My code to initialze and write 320x240 grayscale images to a TFT display with ST7789 driver works on the H7 FW 4.3.3, while on the RT1062 FW 4.5.9 the images on the display are jumbled up. Attached is my code that recreates the issue. Thanks in advance for your help.
We added a bus_write() method which lets you execute commands to setup the display. Using this, you can send whatever custom initialization commands you need. Otherwise, you can tell the SPI display module the width/height, byte swap, and bgr required.
Whatever the case, it should be much faster than having to manually byteswap data in python like I see you are doing in your module.
…
while on the RT1062 FW 4.5.9 the images on the display are jumbled
Can’t really debug this code for you. But, the RT1062 has a different maximum SPI bus transfer length than the STM32H7. I had to manually patch the H7 micropython driver to allow it to write more than 65KB at a time in one spi transaction. The RT1062 can’t do more than 32KB. The upstream MicroPython SPI bus driver for this doesn’t look to be patched… so, you’ll need to breakup the transaction into chunks less than this:
The no attribute ‘SPIDisplay’ error resolved itself after erasing the SD card, rebooting computer and reloading firmware onto RT1062. The lcd_1.py example is working now with the LED Shield.
I’m looking to implement a 320x240 TFT display with the ST7789 driver on the RT1062. How do I break the image into smaller chunks in python for SPI transmission to this display?
Use the bytearray() method on the image and then a memory view to access parts of the image.
However, this will be very slow if you need to byte reverse things. I recommend just using our SPI display module and using the bus_write method to send the commands to setup the display as required.
Also, what are the options for “controller field”. I don’t see this in the documentation.
“controller Pass the controller chip class here to initialize it along with the display.”
You’d just pass whatever class you make as the controller argument. In the above case:
display.DSIDisplay(controller=ST7701())
Then, the controller class just is just:
import time
class ST7701:
def __init__(self):
pass
def init(self, dc):
self.dc = dc
dc.bus_write(REG, b"<BYTES_TO_WRITE>")
This allows you to fully customize setting up the display. Note that the dc object passed is the display object itself. So, you can query it for whatever info you think you need.
Note that there’s no register reading implemented for SPI displays. So, you can just write settings.
bus_write() does the command byte write followed by a bytestring for the argument for that command.
…
We implemented this system so that folks could use custom displays while still achieving high performance with triple buffering and etc. from our driver.
Put it all together and it works great at 18-19 FPS. My display is rotated 90 deg to sensor and IDE. WIthout the rotate image, it runs at 20-21 FPS. There may be a way with ST77XX_CASET and ST77XX_RASET to adjust for this without having to rotate the image in the framebuffer.
Here’s my code for a 320x240 TFT with the ST7789 Driver on the RT1062.
You can rotate the image during the display.write() call.

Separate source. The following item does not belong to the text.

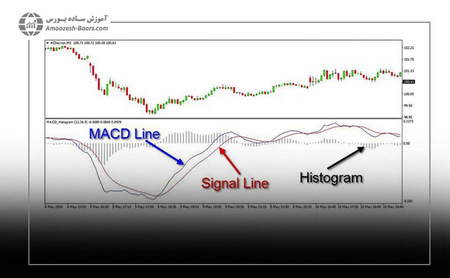 جزئیات تجارت فارکس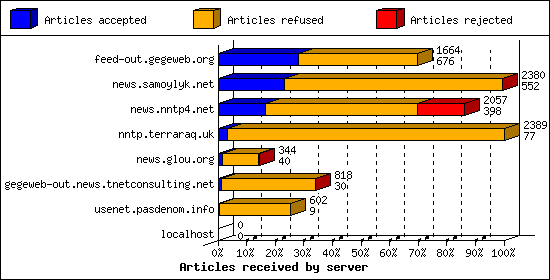 Articles received by server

This will be faster than doing it on the image directly as this avoids a write back to SRAM of the rotated image.
We’ve been slowly adding the draw_image() GPU backend to functions. Please take advantage of it as it will save you writebacks, which cost speed.
Generally, you should avoid transposing an image except for writing it to a final display buffer as the operation is really hard on the CPU. This is kinda why there’s no transpose() unary op. As it should not be something you do.
Great to know. Increased 1 FPS using lcd.write(img, hint=image.ROTATE_90). How is the clock rate for the SPI determined from refresh. It seems to max out with refresh=45?